Apart from the already available itsample, it now allows to control the sampling process from the “outside” by instantiating a ReservoirSample which then can be updated with the update! function:
julia> using StreamSampling
julia> rs = ReservoirSample(Int, 5);
julia> for x in 1:100
update!(rs, x)
end
julia> value(rs)
5-element Vector{Int64}:
7
9
20
49
74
Also, new weighted sampling algorithms were added both for sampling with and without replacement, which means that all classical sampling procedures are now implemented for arbitrary data streams.
It would be even possible to integrate itsample in StatsBase for discoverability purposes, the StatsBase.sample function could be then used on any kind of iterable, not only on AbstractArray, but this would mean that the user needs to be a bit more careful because collecting the iterators is usually more performant if one needs multiple samples from it.

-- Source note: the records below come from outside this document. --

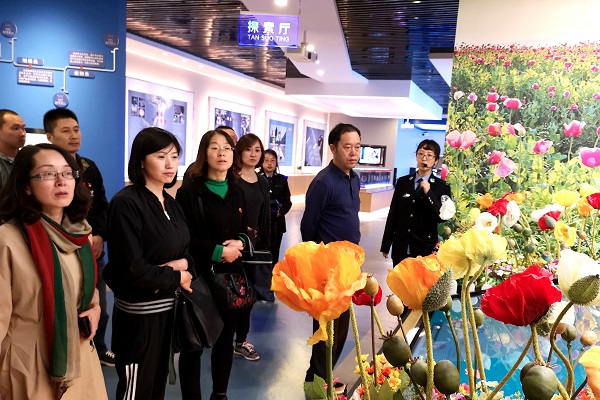 曲靖麒麟.jpg 曲靖麒麟.jpg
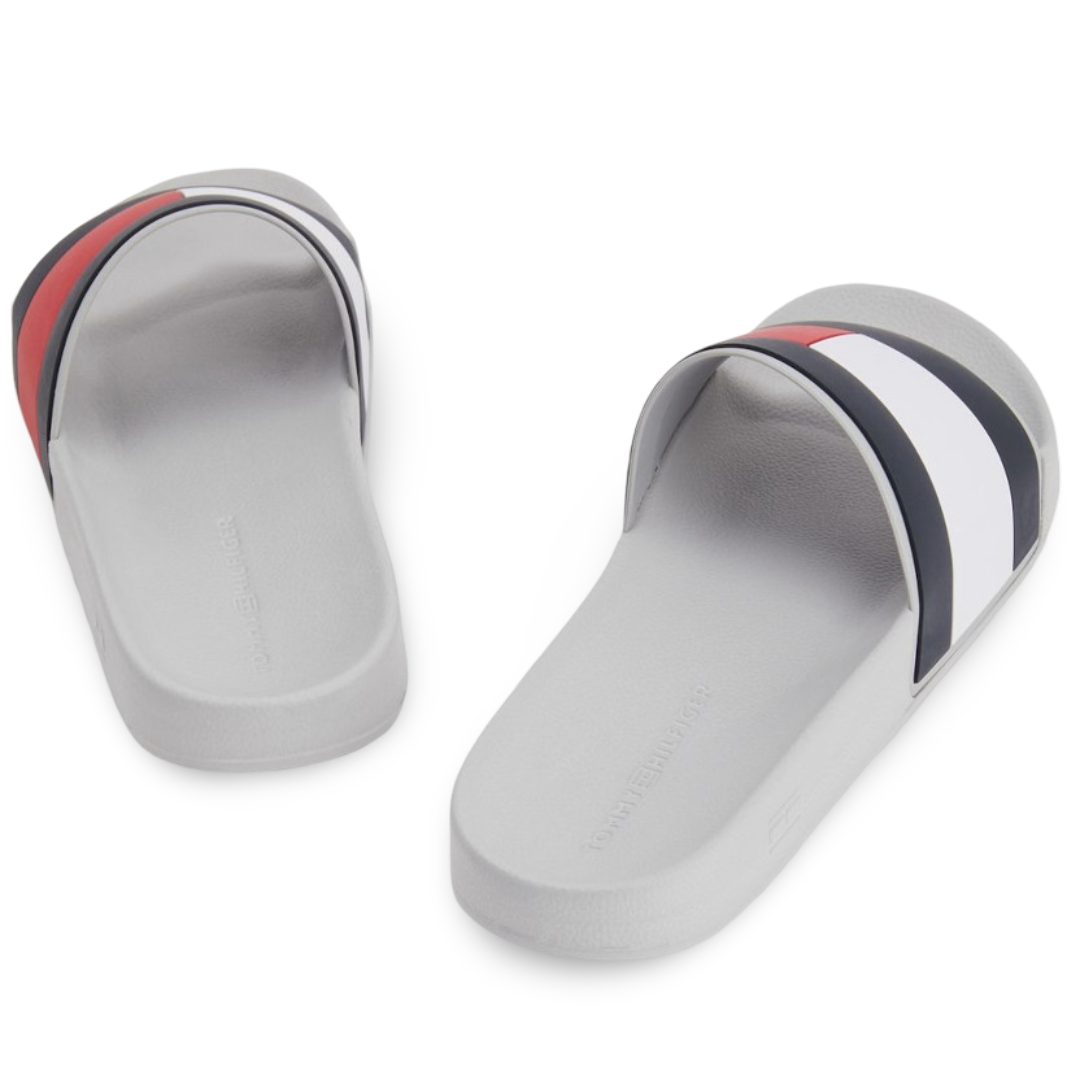 Chancletas Tommy Hilfiger Hombre Flag Pool Slide – Gris Claro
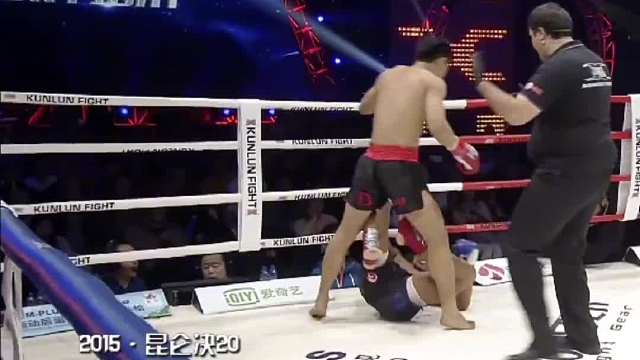 敢带日本军刀来中国擂台？孔令丰忍无可忍，愤怒铁拳打得心服口服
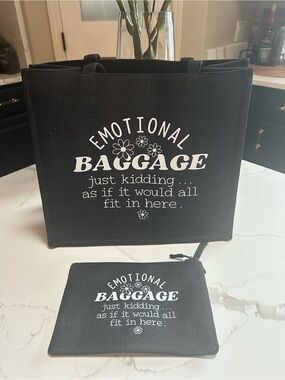 Graphic Tote and Pochette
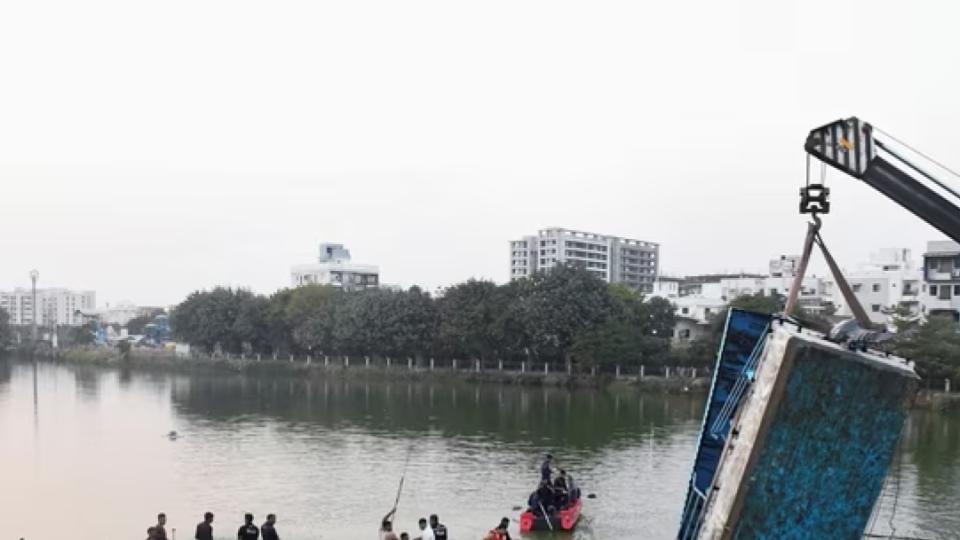 Three persons drowned after their boat capsizes At Reservoir in Andhra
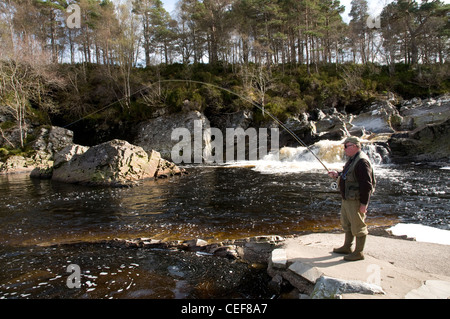 Lachs Fischer am Ufer des Flusses Oykel, Sutherland, Schottland, UK Stockfoto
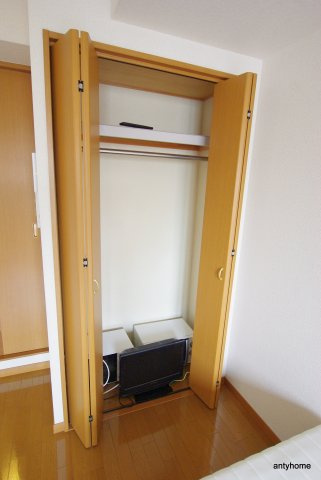 エテルノヨシダ　仲介手数料無料の収納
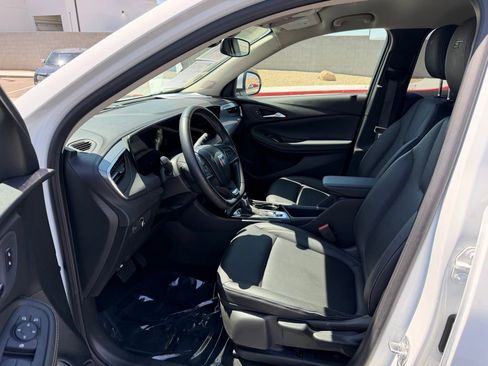 Used 2024 Buick Encore GX Sport Touring image 11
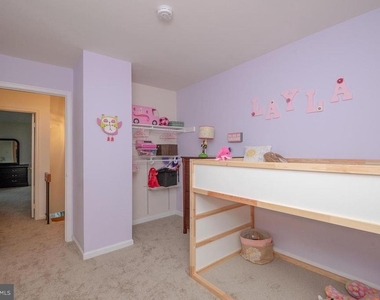 1117 Wildpark Avenue - Photo Thumbnail 52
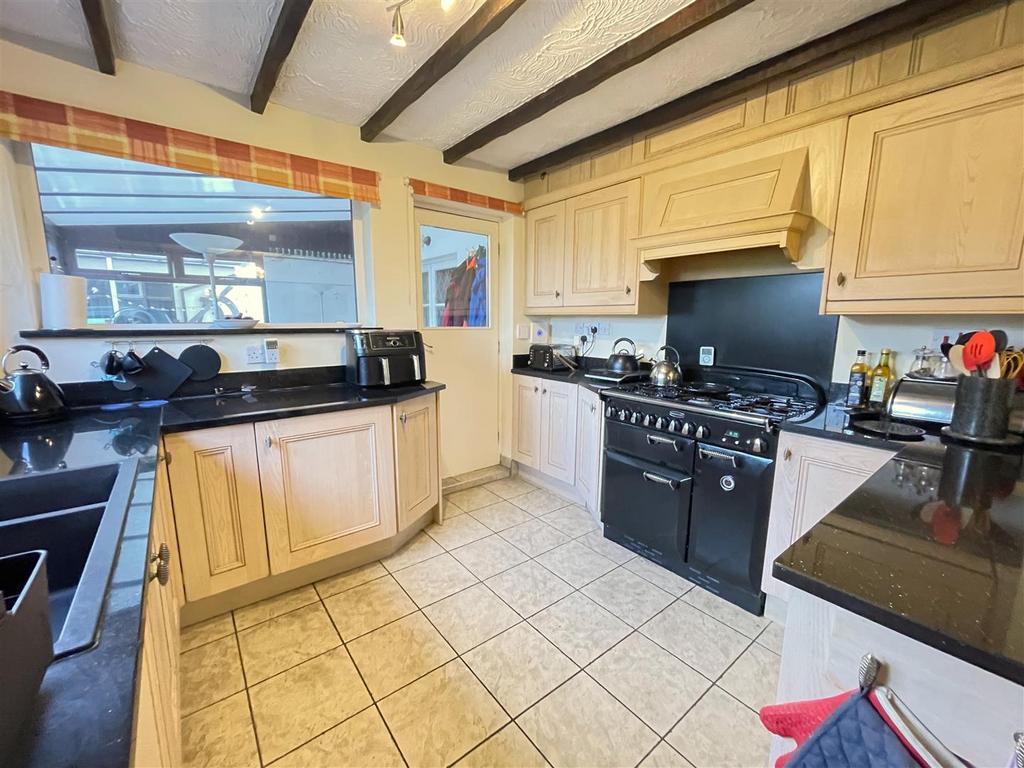 Open plan dining kitchen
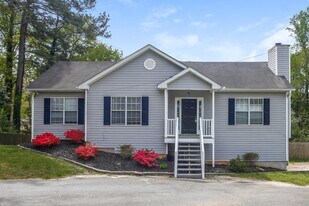 2840 Ivanhoe Ln in Smyrna, GA - Building Photo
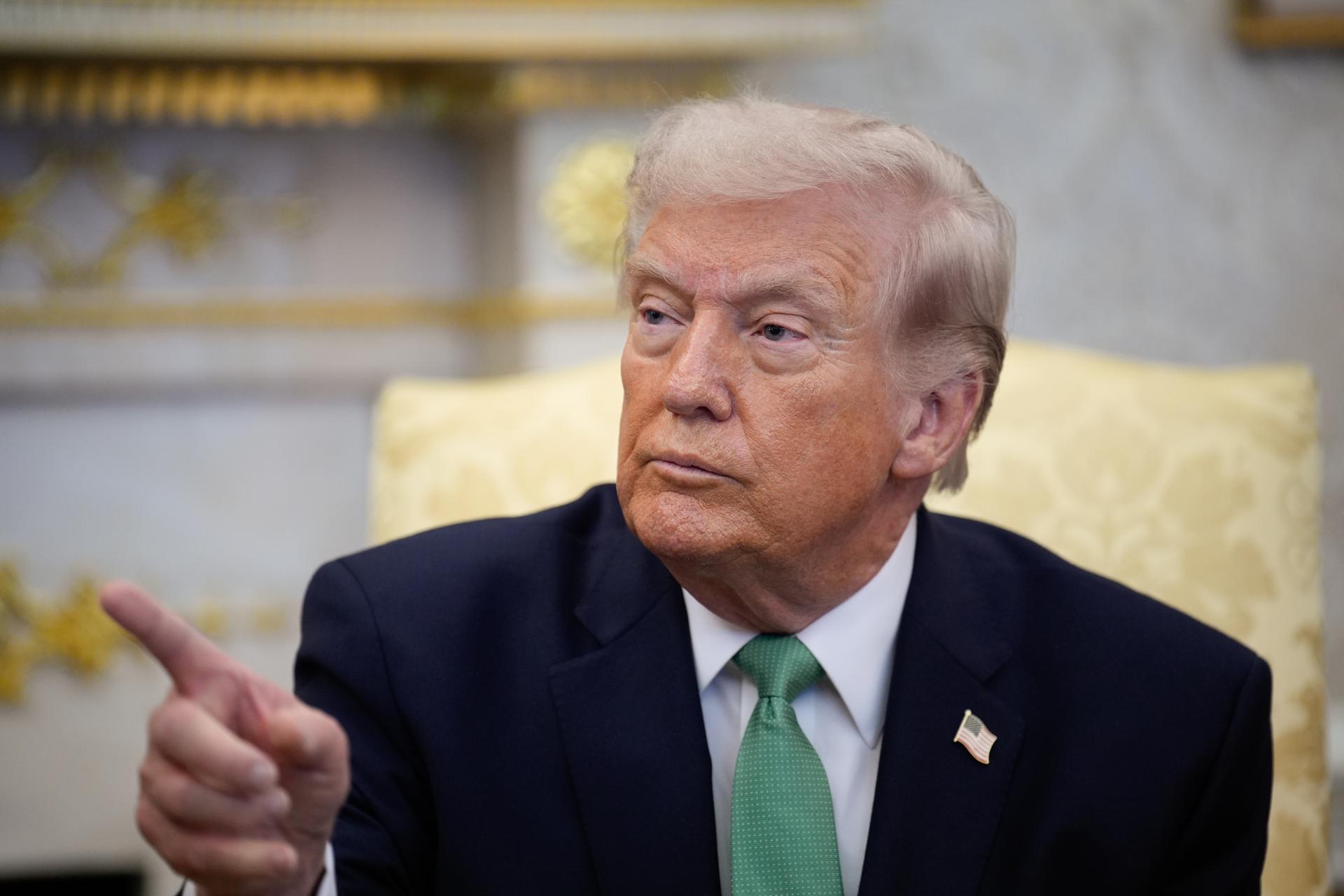 Washington (United States), 17/03/2026.- US President Donald Trump speaks during his meeting with Taoiseach of Ireland Micheal Martin in the Oval Office of the White House in Washington DC, USA, 17 March 2026. (Irlanda) EFE/EPA/YURI GRIPAS / POOL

If anyone has thoughts on this please let me know!
I also made a little benchmark comparison with StatsBase.sample on a simple iterator:
(where “collection-based with setup” means that collecting the iterator in memory is considered part of the benchmark)
Importantly, I renamed the package since I thought that StreamSampling.jl was more appropriate. I can’t anymore edit comments referring to the previous name, hopefully it shouldn’t cause too much confusion.
The library now supports multithreaded merging of reservoirs as @foobar_lv2 suggested with merge/merge! and it allows to creates a single sample from multiple iterables in parallel with the itsample function. It works only with (weighted) sampling with replacement though.
The API is now in line with the one of OnlineStatsBase.jl and the internals are much more polished.
Let me know if you have some suggestions for improvements, I was mostly focused on reservoir sampling techniques, but I think I could maybe enlarge a bit more the scope of the library.
I released a new version which tweaks a bit the API (v0.6), at the same time I implemented two new (but old ) algorithms for stream sampling without a reservoir, so that they require O(1) memory for unweighted sampling with and without replacement. They are algorithm D by Vitter and algorithm 4 by Bentley, all brought back from research in the eighties.